I completely agree, which comes back to why I disagree ;-). Trying to do a whole world justice is all but impossible, trying to make a whole planet one thing is preposterous. For a campaign setting (as opposed to a campaign world) I would prefer to simply be focused. you need outside influences for that focused setting to work, you can't pretend those things don't exist, but you can sideline them. 7th Sea is an excellent example of a setting that frustrated me, they wanted age of sail, so they had it. They didn't ask what was necessary for it to make sense (no Cape of Good Hope + Indian Spice trade = no 17th century sailing vessels), they just hand-waved it without a single explanation for why these people would sail at all.
You sound like a man after my own heart. So, briefly, yes, trying to give treatment to everything is too ambitious. I'm not suggesting that. I am suggesting that thought has to be given to the world in its broad outline before you can even reasonably establish a single cultural entity. As you say, very distant parts of the world can impact the culture and economy of bits and peices of it. But I'd never suggest you try to detail all of it, just that your broad conceptions made some sort of passable sense.
I never found FR particularly useful.

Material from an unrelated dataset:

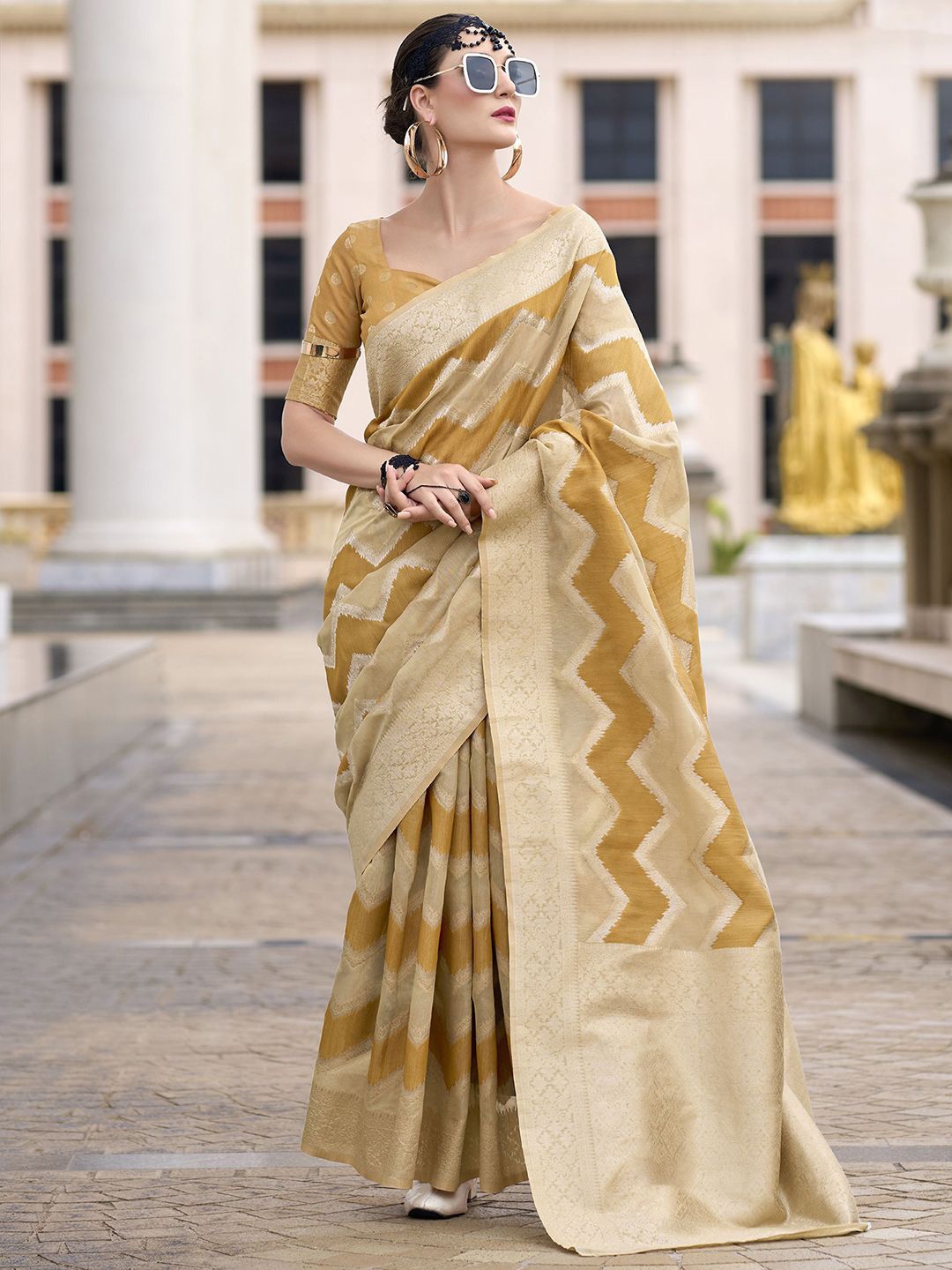 

Satrani Woven Design Zari Pure Silk Banarasi Saree, Mustard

It had lots of detail, but none of the detail I wanted. I consider FR the archetypal bad campaign setting.
That said, let me fork completely off topic. In my own homebrew, my characters are currently in Talernga on the eastern coast of Sartha. Talergna is the major intellectual and financial hub of the region, historically as the gateway to Sartha and also lynchpin of the entire Storm Coast trade (the major north/south trading route for goods in that part of the world). Way on the other side of the equator to the southwest, there is a nation I haven't done much with ruled by an immortal god king, and loosely based on a romanticized sub-saharan African kingdom - a medieval Benin on a grand scale. Now, this conception dates back to middle school, and lately I've been thinking, "What sort of commercialism does this ostencibly wealthy kingdom run on? Does it have any reason to trade with the northern regions of Sartha?" What prompted this thought was I was going to have an ivory dealer from the far south in Talernga, but then I realized - Talernga doesn't need imported ivory. I've already established the existence of domesticated mastadons along the Sword Coast, and there are wild herds of both mastadon and mammoth elsewhere in the region. So, what would drive long distance trade, and even more critically, what would you exchange? Much more emphasis is put on what was coming back from the far east than what was being used to purchase it. Was it just European silver flowing east in return for all those 'exotic' commodity items? If you were a European trader on the outbound voyage where you moving goods in short hops eastward between the intervening cultures, or did you have some commodity in addition to coin that you were taking the distance? Conversely, what might a eastern entrepreneur headed to Europe be hoping to buy? I can't think of anything really other than glassware, but that opens up another can of worms - if we accept a glass mania in our 'spice' region that is trading for glass, how does that impact the arts and architecture of our 'spice' region? I'd rather have more going than glass, and more balanced intercontinental trade.
Feel free to fork if you want to essay.